I Say Democracy Promotion, You Say Democracy-Development, Let’s Call the Whole Thing Off?

Since I joined the democracy promotion field in 2004 the language has changed dramatically. Real-world experiences such as the US missions in Afghanistan and Iraq, their failures to develop stable democracy, responses to these missions, and conceptual understandings of local and international power relations have all shaped how we, as researchers in the field, see what is going on. In this piece I want to map-out a few of these changes and underscore an important problem that I think we are perpetuating in our analysis.

Initially when I started examining democracy promotion I did not make a distinction between the strategy of democracy promotion and the implementation of programmes designed to create democracy. Through making this distinction I was then able to identify a disconnection between what the US strategy was claiming and what was being delivered by the programmes implemented.

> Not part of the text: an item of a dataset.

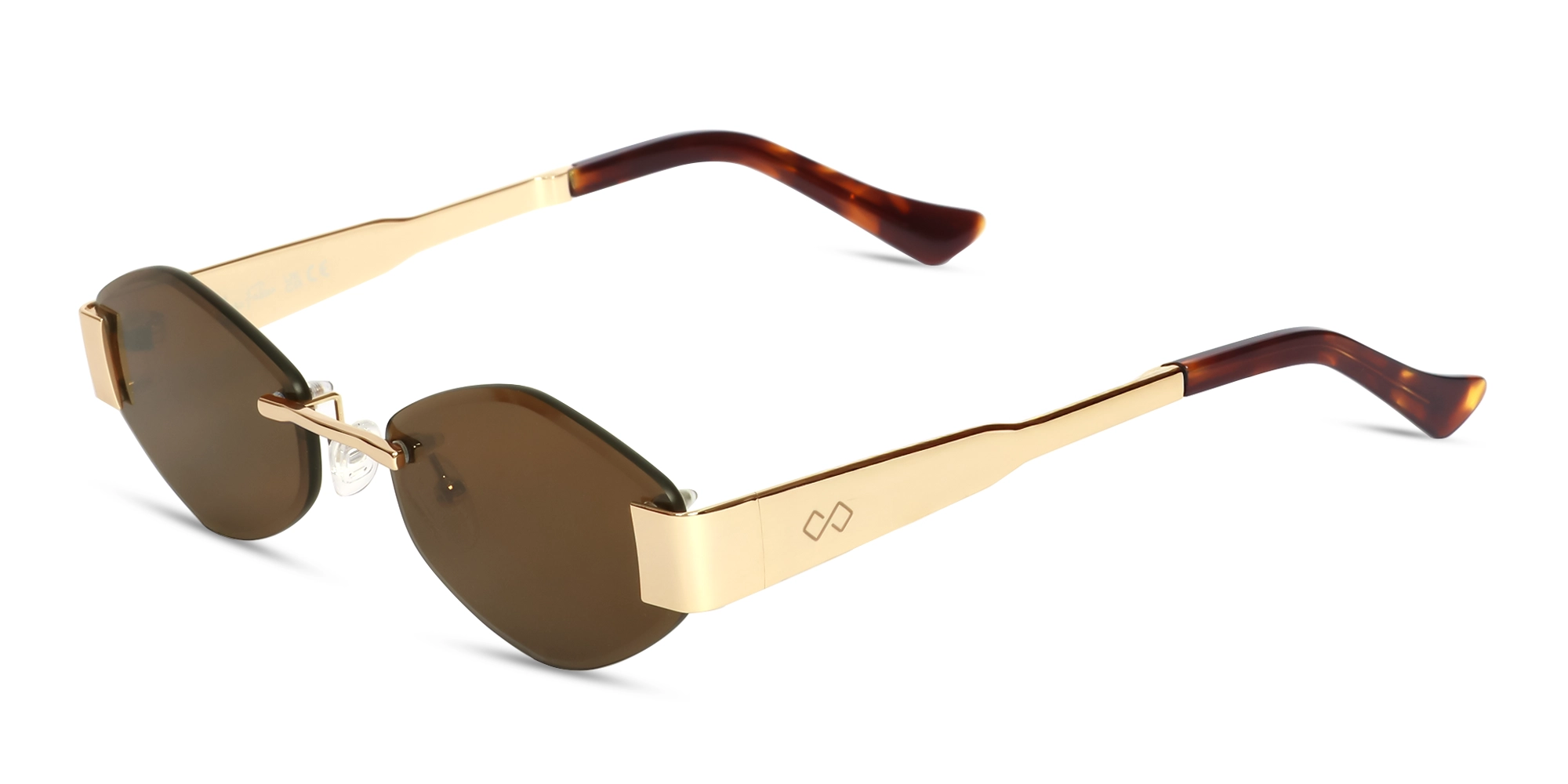 Champagne Gold Oval Rimless Sunglasses-3 Champagne Gold Oval Rimless Sunglasses-3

It also helped me identify a disconnection between the explanation for promoting democracy and the national interest reasons for promoting democracy; demonstrated through understanding that the promotion and not consolidation of democracy was the goal of the US. Then, after the failures of the US democratising missions in Afghanistan and Iraq, academics, think tank experts, practitioners and policy-makers all began, at varying speeds and depths, recognising, rhetorically at least, that externally imposing democracy on a state and society through a violent conflict is not the best way to ensure stable democracy. People in these groups, including myself, started to talk about democracy assistance or democracy support and not democracy promotion. Around the same time I started to consider the conceptual questions raised by Oliver Richmond, Roger Mac Ginty et al. on the way in which local actors (power elites, civil society organisations, population etc.) and international actors interact with each other. In particular, the presumption held by many, whether implicit or explicit through the language employed, that international actors should determine how recipient governments and people should behave without fully considering the domestic political, social or economic context, or their wants for that matter!

All these developments I have described are useful as they help better understand the nuances of what is going on. Even the conceptual framing of democracy promotion has its uses, for example, in explaining the drive behind donor organisations in seeing success through technocratic tinkering of programme design.

I was recently in Washington, DC interviewing people for a new research project and I heard a new term employed; democracy-development. Now that I have been engaged in the field for a few years, hearing this term for the first time got me thinking about the reasons behind employing new terminology. It seems as if this term could acknowledge the limits to what implemented programmes can achieve within their operational lives, question whether democracy will ever develop, and the long-time frame, if successful, that consolidation will likely take. If my assumptions are accurate then this term can reduce the gap between rhetoric and reality regarding what is likely to be achieved.

The danger, as I see it, is that the think tank and academic communities end-up providing a theoretical reframing to legitimise what international donors such as the US are doing but not actually altering the substance of what they are doing. The questions to ask are whose doing this redefinition, why, are they questioning the conceptual framework behind programmes implemented and does it actually help the people in the recipient country. We only need to look at the details of changes in international donor approaches such as those initiated under USAIDForward to understand that they may not be as dramatic as they appear on the surface; are, for example, programme design changes significantly impacting the power relations between local and international actors?